The troupe introduces its ebullient band of fledgling thespians to the theatrical arts. And in the past several years it has served as a training ground for an equally enthusiastic group of college directors and theatrical technicians.
Those dual roles are now being recognized with an agreement between the youth troupe and the Department of Theatre and Film at Bowling Green State University.
Aimee Reid, who teaches youth theater at BGSU, said the collaboration with Horizon Youth will give college students interested in studying youth theater much needed experience.
Now they have the Treehouse Troupe which travels to schools throughout the region staging plays. That's all.
The new agreement expands their horizons.
Horizon Youth Theatre does plays in fall and late spring, the latter usually a musical. It has also stages one-act plays, including original scripts penned by Horizon members. It also offers a drama club that is offered monthly during the school year, and weekly during the summer.

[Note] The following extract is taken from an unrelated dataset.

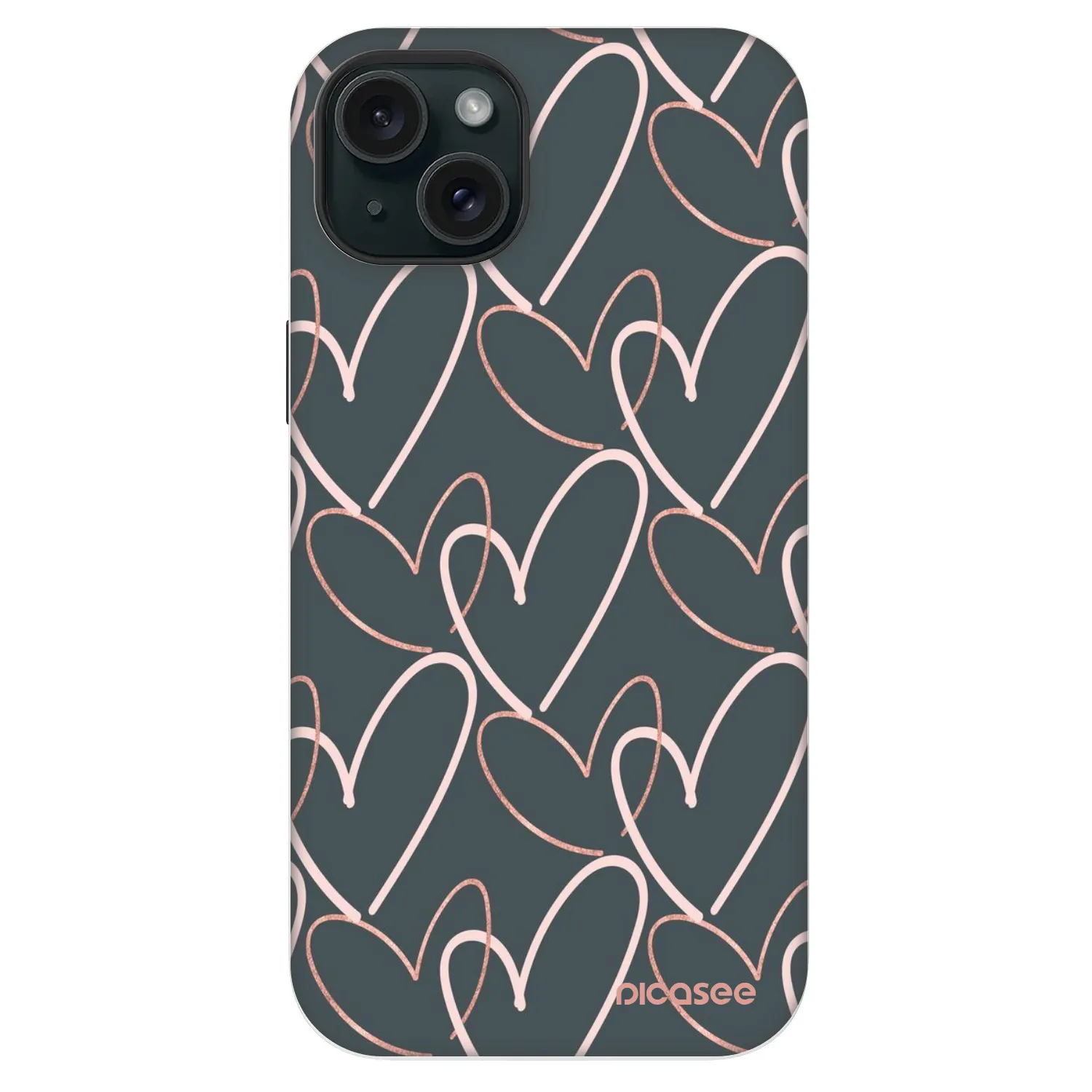 Picasee Fashion Case MagSafe για Apple iPhone 14 Plus - Lots of love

The drama club offers stand-alone drop in sessions for $5 a pop. These offer more flexibility than the week- or two-week-long workshops the company had offered in the summer.
The agreement formalizes what had been in place since founder Scott Regan relinquished the reins of the theater he founded in 1997. When Regan stepped aside, the troupe turned to one of his students Cassie Guion to direct, and later to serve as managing director, said Kate Frishman, the Horizon board president. Now graduated, Guion is moving out of the area.
The troupe has also benefited from the assistance of young artists affiliated with BGSU and with the independent troupe Lionface Productions.
Reid said she will oversee the students and review their ideas for productions.
BGSU is also offering the troupe something it has been lacking - a space to play.